I love the fact that fediverse was built from the ground up to be free, federated and interoperable. I have two questions that may come from my lack of expertise / knowledge, so I apologise in advance if they are dumb.
- Bots can disrupt smaller instances:
What is stopping corpos from scraping everyone’s posts and stuff from the fediverse and train their AI? What’s stopping them then, to create loads of not accounts and spam / disrupt smaller communities? When an instances quality drops, the users may be more incentivised to migrate to bigger instances and go there. It’s safe to say most Lemmy users are not going to spin their own instance and start communities from scratch. Meanwhile, the onslaught of bots can overwhelm these budding communities and instances.
- Corpos can flood the fediverse with ads and crap:
Threads comes to mind on this point and how many instances have chosen not to defederate with them.
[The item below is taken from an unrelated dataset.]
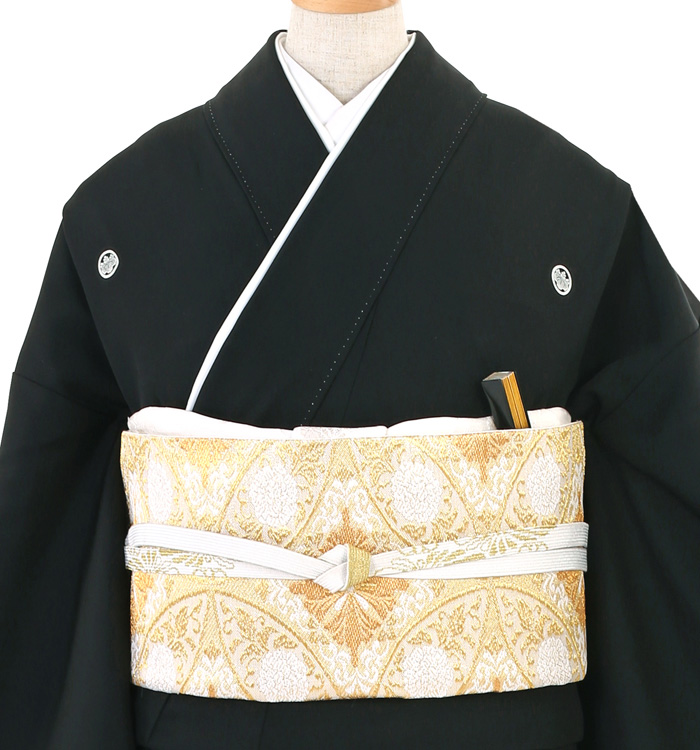 黒留袖 No.CA-1500-Mサイズのレンタル｜きもの365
Besides, they can create bridges, and have repost bots in all instances to flood major them with ads. With generative content, it is so much easier to make a seemingly casual post about a product and mask it as an advertisement.
I’ve seen previous posts about people wanting to come because of their opinion about how certain countries behave. I feel the true evil are the corporates.
That very real and enforceable “this comment cannot be used to train AI” crap some people add to every comment that definitely makes bots not scrape the comment, of course!
I’ll sue them in small claims court as a pro se litigant demanding a jury trial. I will also try to file motions every other week, which will probably fail and ask the judge to give me time to correct them. I will make them waste thousands on attourneys fees and be a royal pain in the ass.
Good luck getting a court to hear it when you won’t have a shred of evidence to show
But that can poison the AI to some degree.
Kinda? Not really, though. If anything it, the model’s response would just include “anti-commercial license” at the end and they’d get rid of that with further training
Most likely someone at the AI company would catch it and filter those strings out of the training data.